A loss was gain seen in crude futures after they rose more than 4 per cent on this Thursday as the equity market exhibited strong sales, the bad news out of China saw some respite and the potential for more monetary funds from Europe which added to risk taking in crude oil.
But the positivity faded by the time afternoon trading had begun. By that time, the prices of oil had come down from the morning highs by the noon on Thursday, most likely owing to the prevailing weak market conditions for crude oil after the data on Wednesday showcased a big build in the inventories of the U.S.
The front-month crude oil of the U.S. closed up 1 per cent and ended at US$46.75 per barrel. The contract in Brent for front month sales, which is the benchmark for global oil futures, saw a brief negative turn and was up 27 cents, worth US$50.80 per barrel. It had increased by more than US$2 at the start of the day.
Tariq Zahir, a trader in the crude oil division at the Tyche Capital Advisors based in Laurel Hollow in New York, said that the day’s developments can be called a risk. It is reminiscent of the action of the previous day when crude had moved up with the equity market even as the fundamentals are frail.

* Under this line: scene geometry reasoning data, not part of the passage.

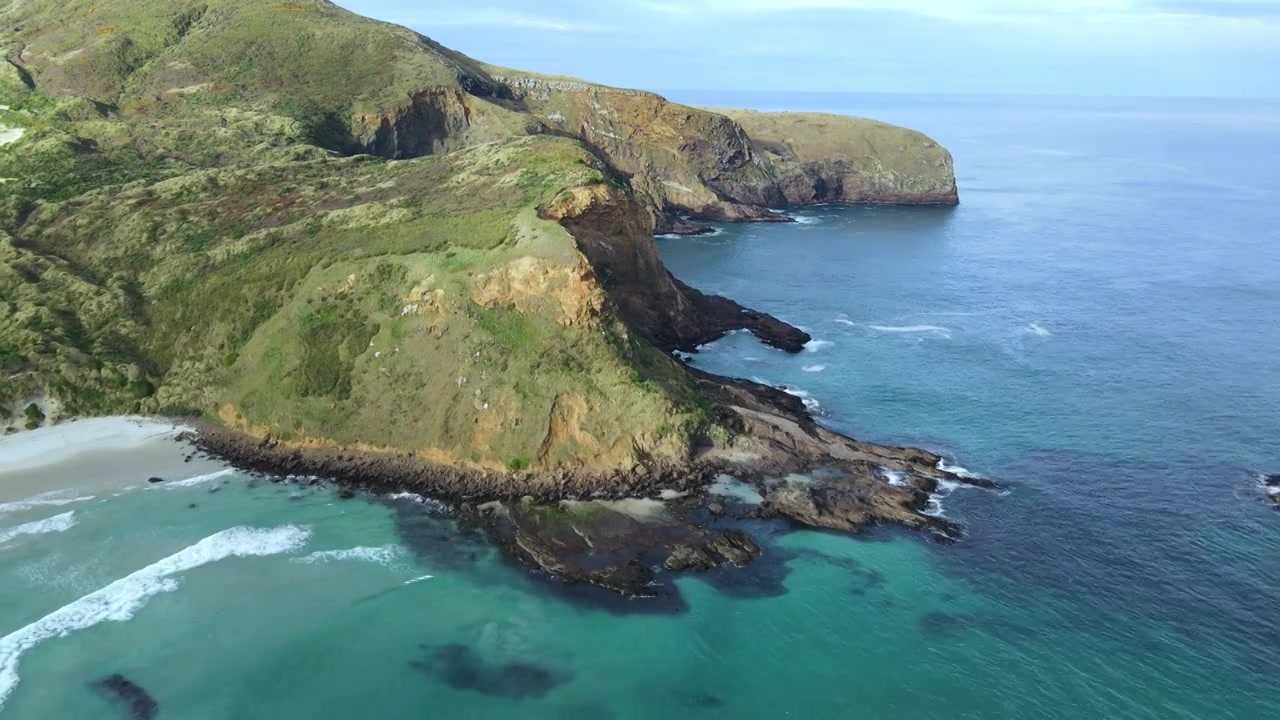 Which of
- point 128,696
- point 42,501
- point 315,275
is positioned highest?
point 315,275

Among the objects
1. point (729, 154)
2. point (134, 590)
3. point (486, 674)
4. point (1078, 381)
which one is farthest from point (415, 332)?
point (729, 154)

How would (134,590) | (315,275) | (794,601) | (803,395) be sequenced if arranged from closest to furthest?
(134,590) < (794,601) < (315,275) < (803,395)

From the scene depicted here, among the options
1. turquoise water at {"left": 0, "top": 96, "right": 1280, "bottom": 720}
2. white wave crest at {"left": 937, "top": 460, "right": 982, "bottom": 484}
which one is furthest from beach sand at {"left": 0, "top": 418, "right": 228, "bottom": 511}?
white wave crest at {"left": 937, "top": 460, "right": 982, "bottom": 484}

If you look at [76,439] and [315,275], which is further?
[315,275]

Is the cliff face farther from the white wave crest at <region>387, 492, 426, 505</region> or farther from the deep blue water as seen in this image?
the white wave crest at <region>387, 492, 426, 505</region>

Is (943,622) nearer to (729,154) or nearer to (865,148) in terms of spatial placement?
(729,154)

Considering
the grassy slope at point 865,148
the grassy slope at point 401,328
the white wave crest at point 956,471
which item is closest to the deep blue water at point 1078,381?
the white wave crest at point 956,471

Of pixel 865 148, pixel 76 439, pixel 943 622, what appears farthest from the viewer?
pixel 865 148

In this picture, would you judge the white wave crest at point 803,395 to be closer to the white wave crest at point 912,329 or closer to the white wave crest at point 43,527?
the white wave crest at point 912,329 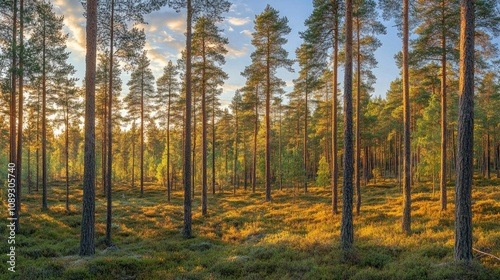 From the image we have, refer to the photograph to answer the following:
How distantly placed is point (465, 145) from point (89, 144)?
1220cm

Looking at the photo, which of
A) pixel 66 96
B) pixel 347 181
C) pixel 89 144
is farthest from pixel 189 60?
pixel 66 96

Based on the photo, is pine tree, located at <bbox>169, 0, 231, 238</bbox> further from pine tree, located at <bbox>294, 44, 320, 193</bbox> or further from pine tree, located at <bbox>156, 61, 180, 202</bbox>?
pine tree, located at <bbox>156, 61, 180, 202</bbox>

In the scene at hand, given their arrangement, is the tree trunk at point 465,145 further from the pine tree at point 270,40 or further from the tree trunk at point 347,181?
the pine tree at point 270,40

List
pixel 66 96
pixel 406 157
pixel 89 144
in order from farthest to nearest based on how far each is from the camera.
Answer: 1. pixel 66 96
2. pixel 406 157
3. pixel 89 144

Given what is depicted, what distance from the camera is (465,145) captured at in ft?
25.7

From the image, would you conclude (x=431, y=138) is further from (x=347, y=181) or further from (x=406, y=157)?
(x=347, y=181)

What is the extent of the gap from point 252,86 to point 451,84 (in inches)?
688

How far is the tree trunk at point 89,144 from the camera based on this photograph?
10.3 m

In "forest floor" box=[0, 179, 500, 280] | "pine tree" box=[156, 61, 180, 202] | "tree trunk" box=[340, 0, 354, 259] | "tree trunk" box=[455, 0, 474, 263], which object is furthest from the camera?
"pine tree" box=[156, 61, 180, 202]

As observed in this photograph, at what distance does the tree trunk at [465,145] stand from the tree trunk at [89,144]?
11939 mm

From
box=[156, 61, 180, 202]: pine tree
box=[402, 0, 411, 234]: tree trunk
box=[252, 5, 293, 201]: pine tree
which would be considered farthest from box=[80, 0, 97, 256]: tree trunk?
box=[156, 61, 180, 202]: pine tree

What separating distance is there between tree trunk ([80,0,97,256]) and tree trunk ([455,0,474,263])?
39.2 feet

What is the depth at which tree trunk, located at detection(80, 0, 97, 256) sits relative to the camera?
407 inches

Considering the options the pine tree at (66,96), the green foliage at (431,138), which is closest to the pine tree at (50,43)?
the pine tree at (66,96) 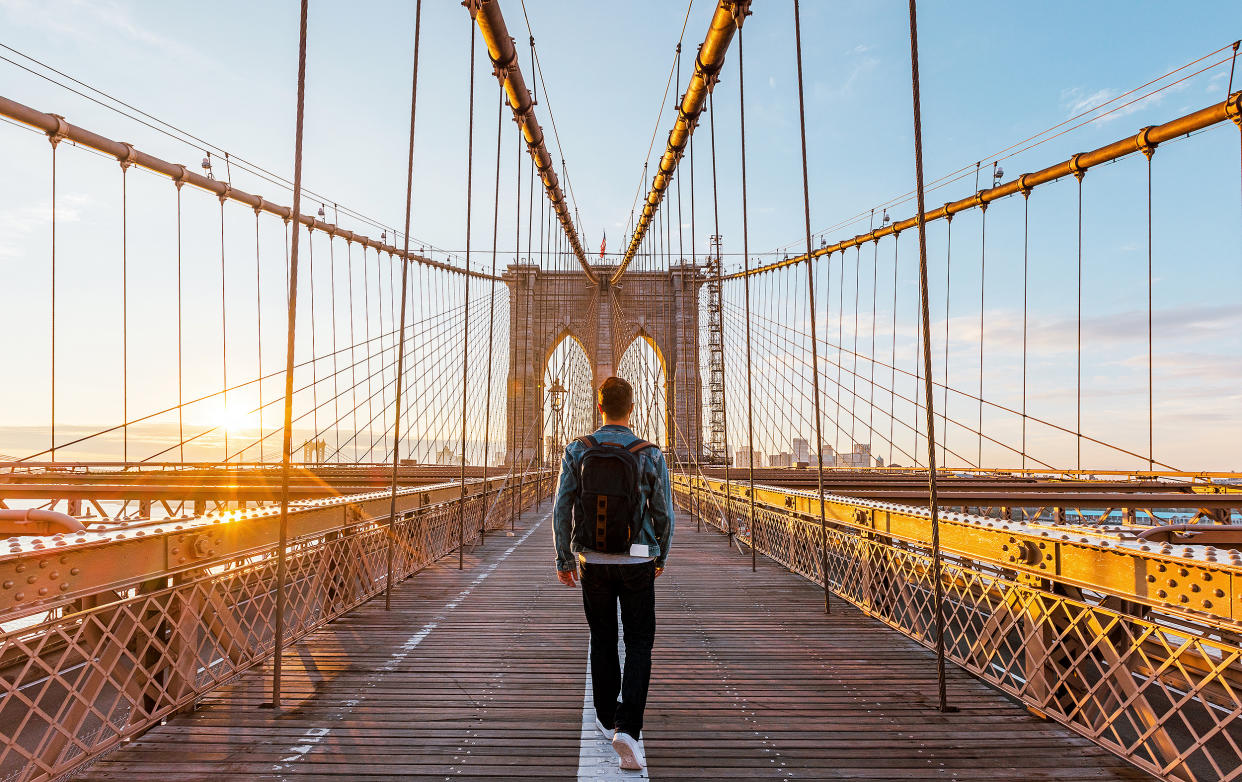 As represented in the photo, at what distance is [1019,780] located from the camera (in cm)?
223

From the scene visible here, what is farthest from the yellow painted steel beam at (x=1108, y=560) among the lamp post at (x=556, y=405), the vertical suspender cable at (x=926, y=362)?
the lamp post at (x=556, y=405)

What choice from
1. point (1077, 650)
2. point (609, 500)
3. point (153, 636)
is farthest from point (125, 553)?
point (1077, 650)

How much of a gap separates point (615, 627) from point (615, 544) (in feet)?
1.29

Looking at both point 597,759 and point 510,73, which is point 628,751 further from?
point 510,73

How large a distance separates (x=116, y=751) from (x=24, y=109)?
8179 mm

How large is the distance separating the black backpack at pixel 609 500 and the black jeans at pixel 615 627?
4.0 inches

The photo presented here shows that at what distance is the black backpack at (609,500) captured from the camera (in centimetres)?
244

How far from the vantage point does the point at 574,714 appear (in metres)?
2.80

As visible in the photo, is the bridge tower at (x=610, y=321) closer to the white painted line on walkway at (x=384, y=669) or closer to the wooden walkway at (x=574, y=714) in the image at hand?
the white painted line on walkway at (x=384, y=669)

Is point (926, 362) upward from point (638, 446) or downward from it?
upward

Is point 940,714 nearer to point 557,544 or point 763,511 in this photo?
point 557,544

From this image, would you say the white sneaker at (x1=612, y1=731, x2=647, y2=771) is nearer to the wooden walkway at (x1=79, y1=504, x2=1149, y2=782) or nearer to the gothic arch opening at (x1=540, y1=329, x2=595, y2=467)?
the wooden walkway at (x1=79, y1=504, x2=1149, y2=782)

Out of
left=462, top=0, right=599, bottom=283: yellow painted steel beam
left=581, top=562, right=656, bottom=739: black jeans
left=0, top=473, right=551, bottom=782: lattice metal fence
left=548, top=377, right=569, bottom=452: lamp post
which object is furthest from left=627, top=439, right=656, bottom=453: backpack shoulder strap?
left=548, top=377, right=569, bottom=452: lamp post

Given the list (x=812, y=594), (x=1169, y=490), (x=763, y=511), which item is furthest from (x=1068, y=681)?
(x=1169, y=490) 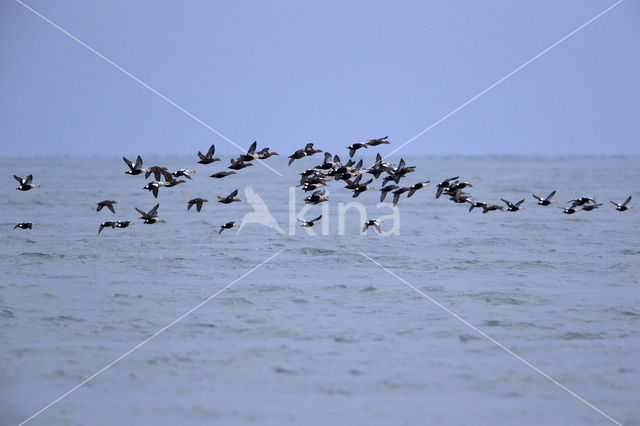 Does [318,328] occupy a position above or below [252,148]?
below

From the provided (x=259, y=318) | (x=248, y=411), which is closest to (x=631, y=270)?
(x=259, y=318)

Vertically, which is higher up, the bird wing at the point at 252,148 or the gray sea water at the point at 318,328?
the bird wing at the point at 252,148

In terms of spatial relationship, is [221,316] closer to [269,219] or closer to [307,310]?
[307,310]

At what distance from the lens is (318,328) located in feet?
81.3

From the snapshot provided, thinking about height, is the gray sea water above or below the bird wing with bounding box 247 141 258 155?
below

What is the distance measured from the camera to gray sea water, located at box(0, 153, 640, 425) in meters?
18.7

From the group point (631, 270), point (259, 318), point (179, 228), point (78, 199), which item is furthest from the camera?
point (78, 199)

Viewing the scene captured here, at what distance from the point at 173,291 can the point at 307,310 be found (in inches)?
223

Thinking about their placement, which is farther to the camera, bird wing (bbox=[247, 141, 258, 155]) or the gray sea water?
bird wing (bbox=[247, 141, 258, 155])

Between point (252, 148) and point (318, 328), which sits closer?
point (318, 328)

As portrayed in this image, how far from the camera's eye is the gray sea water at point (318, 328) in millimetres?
18719

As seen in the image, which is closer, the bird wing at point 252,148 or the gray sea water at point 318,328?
the gray sea water at point 318,328

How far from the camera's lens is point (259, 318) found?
26000mm

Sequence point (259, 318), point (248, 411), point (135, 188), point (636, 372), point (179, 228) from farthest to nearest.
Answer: point (135, 188)
point (179, 228)
point (259, 318)
point (636, 372)
point (248, 411) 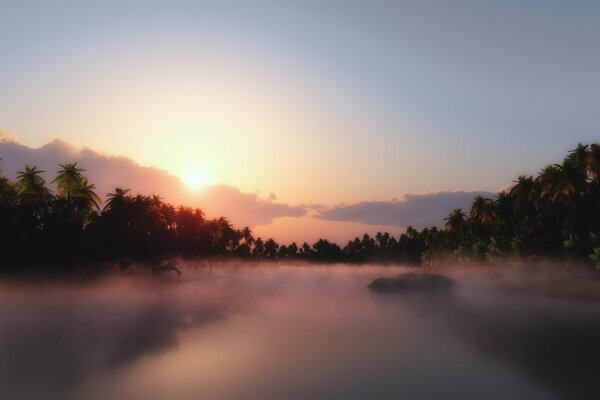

On the Wall Street too, stocks rallied at the start of the day owing to expectations that a positive jobs report of the U.S. of August would provide for the decision of Federal Reserve about the timing of a price hike.
What added to the support for oil was the pledge of the European Central Bank for keeping the monitory policy a bit loose and promptly act when the need was seen, due to weak growth forecasts and inflation.